The City of Los Angeles recognizes that a lack of connectivity can be a significant burden for some members of society. “This is about giving people the ability to access the information, knowledge and data they need to make more informed decisions every day. It's about making sure everyone has the same opportunities and the same potential for privilege no matter where they live in the city or how much they earn,” Jeanne added.
Perhaps not surprisingly, affordability is one of the key causes of ‘dis-connectivity’ in urban areas. Even with rising levels of competition between telecom companies, there are still some segments of society that simply cannot afford the ‘basic packages’ offered by the commercial players. And that’s where the City of Los Angeles is starting to think differently about how they can influence the situation.
“It’s really an opportunity to think more creatively about the assets we own as a city – whether those are intellectual assets or physical assets – and consider how we can use them to help solve the root causes that underpin this challenge,” suggested Jeanne. “We can’t force private companies to lower their rates. But what we can do is use our physical built environment – like the more than 220,000 streetlights we have in the city – to help providers build business models that will lead to improved digital equity within the city.”
As telecom operators look to roll out new technologies and services (Verizon recently announced that LA would be one of the first cities in the US to get a 5G network), ensuring equitable access is of key concern for the City. “We actually have a clause in our contract with telecom operators that says we will permit these types of build-outs only if the development is done equitably. You can’t just roll 5G out in Bel-Air and Brentwood without also rolling it out in places like Watts and South Central,” Jeanne added. “Companies like Verizon have been amazing partners in that regard.”

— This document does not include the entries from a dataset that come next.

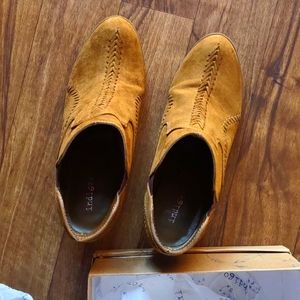 Indigo Rd size 8.5 women's ankle boots
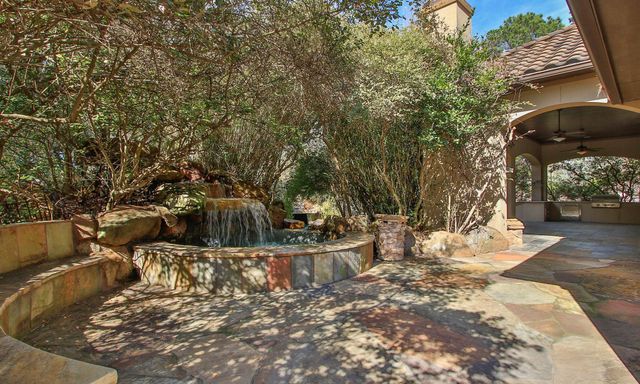 28333 Meadow Falls, Magnolia, TX 77355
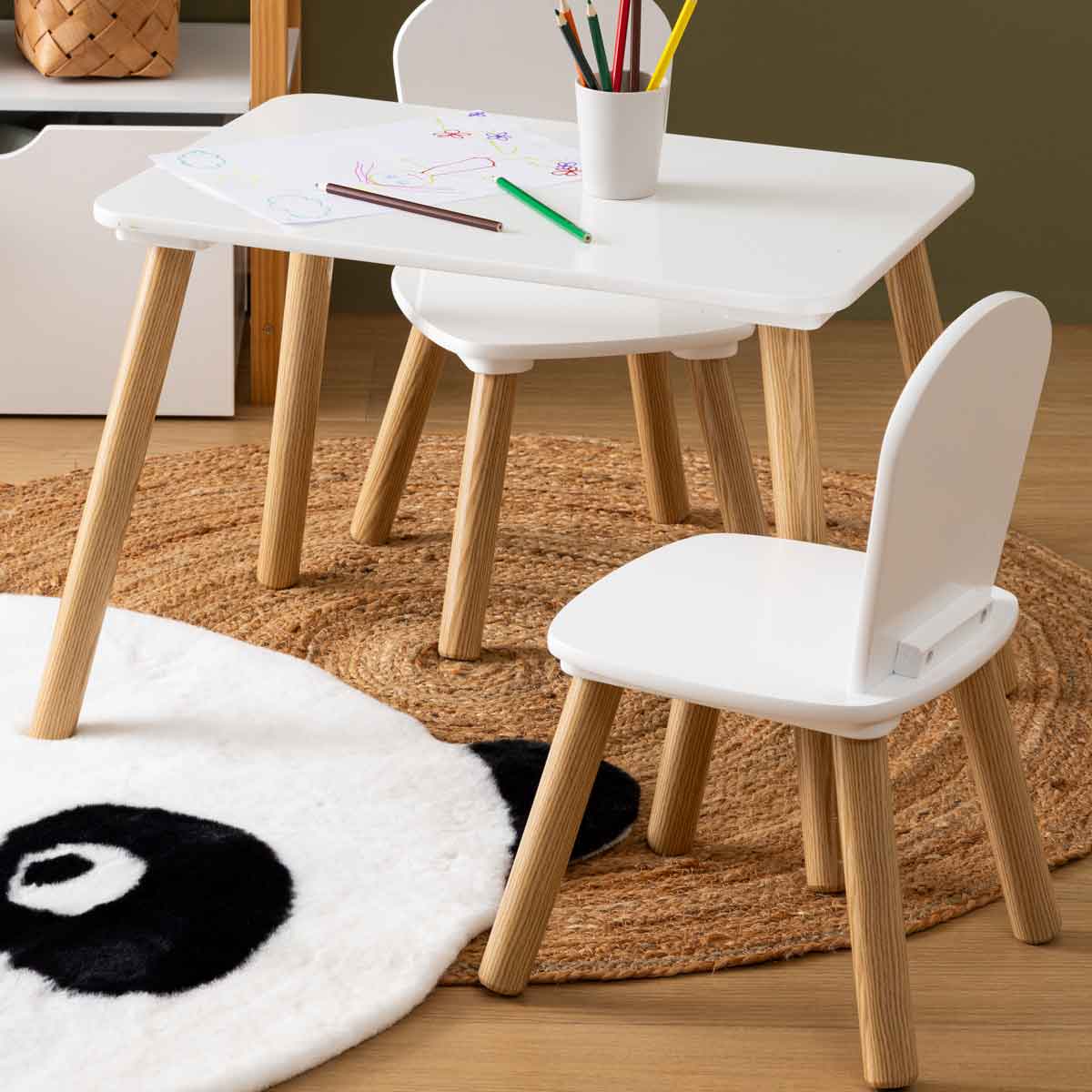 Mesa com 2 cadeiras em branco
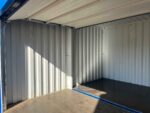Führungsschienen des Sektionaltores in der Container-Doppelgarage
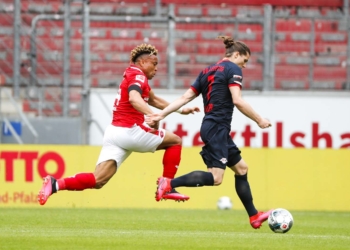 Kundé Malong et Mayenne se font donner une leçon de foot à domicile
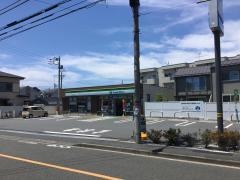 ファミリーマート　三鷹人見街道店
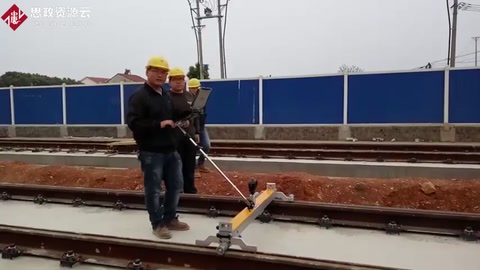 華中首條高鐵標(biāo)準(zhǔn)建設(shè)的<em>有軌電車(chē)</em>—漢陽(yáng)<em>有軌電車(chē)</em>軌檢小車(chē)作業(yè)現(xiàn)場(chǎng)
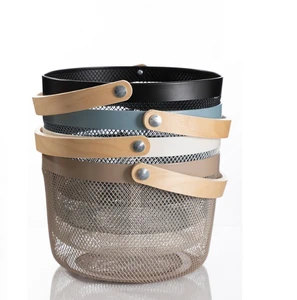 Good Reputation and High Quality Metal Wire Storage Basket With Wooden Handle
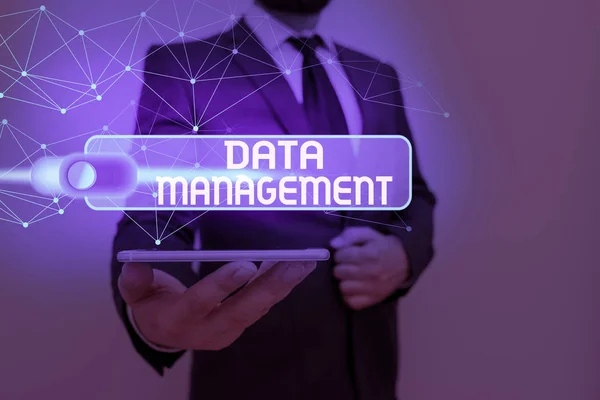 データ管理を示すメモを書く 貴重な資源としてのデータの管理に関する分野のビジネスコンセプト — ストック写真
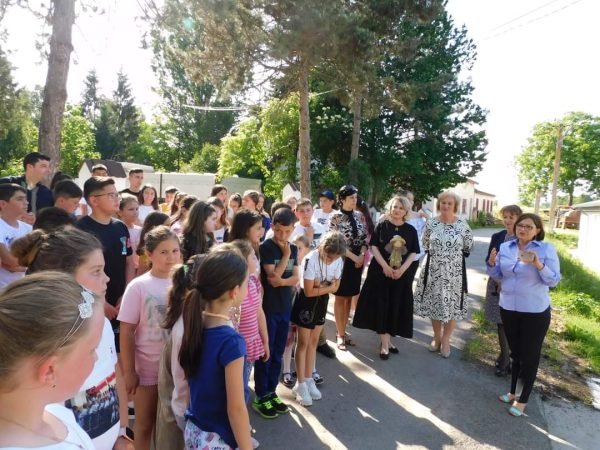 Momente unice pentru 50 de copii din grupul de dansatori ”Cununa Nucetului”, oferite de OFSD Dâmbovița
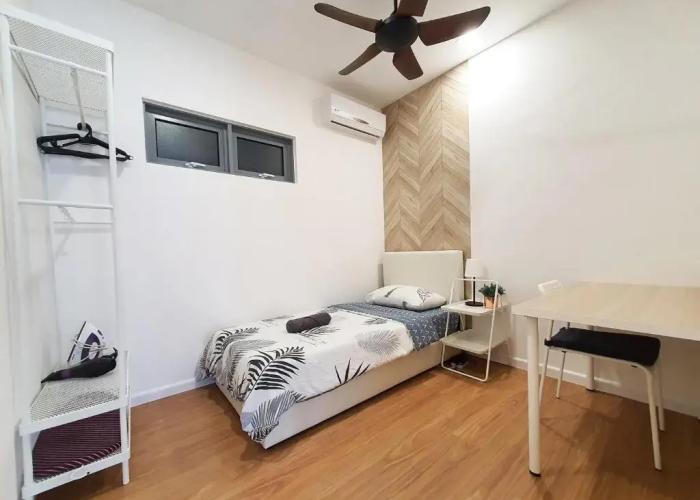 Muji Home Design with Balcony and Nice Swimming Pool View at Cyberjaya by Cloud Host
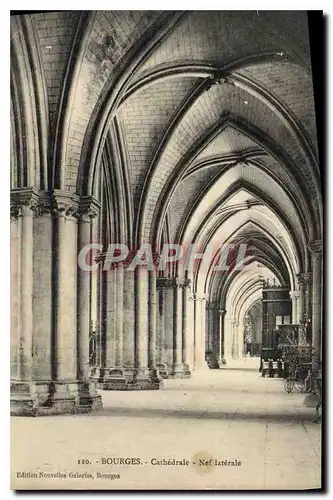 Ansichtskarte AK Bourges Cathedrale Nef laterale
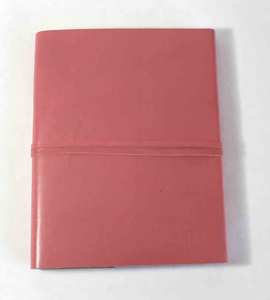 Agenda en cuir vintage rose clair de la marque Camelon Exports, couverture rigide, papier en coton recyclé, 48 feuilles, fabriqué au Rajasthan - Product Image 4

The City also takes a very hands-on approach to addressing the affordability challenge. Internet-enabled devices and Wi-Fi hot spots can be checked out of any of the City’s 73 public libraries. Hot spots have been installed in areas with higher homeless populations like Skid Row and Watts. Old computers are refurbished locally (giving young people a chance to develop new technical skills) and then packaged up with an internet plan, access to a help desk and some basic internet education and given to lower-income residents.
Yet even when affordable plans are available, there are still a number of challenges that can stop people from accessing the level of connectivity required to properly participate in society. Basic topography is one; depending on which carrier you subscribe to, you may encounter ‘dead zones’ within a city. Basic computer skills is another; there are segments of the population that either don’t understand or don’t trust the internet.
Often, it’s the less-technical issues that create the biggest challenges. “There are more than 220 languages spoken in the City of Los Angeles and that means that people – even highly educated people – can become disconnected from the knowledge and information they need to live in a city,” noted Jeanne. “It’s not just about having a device and having access to the internet, it’s also about knowing what to do when you get online and being able to understand what you find there.”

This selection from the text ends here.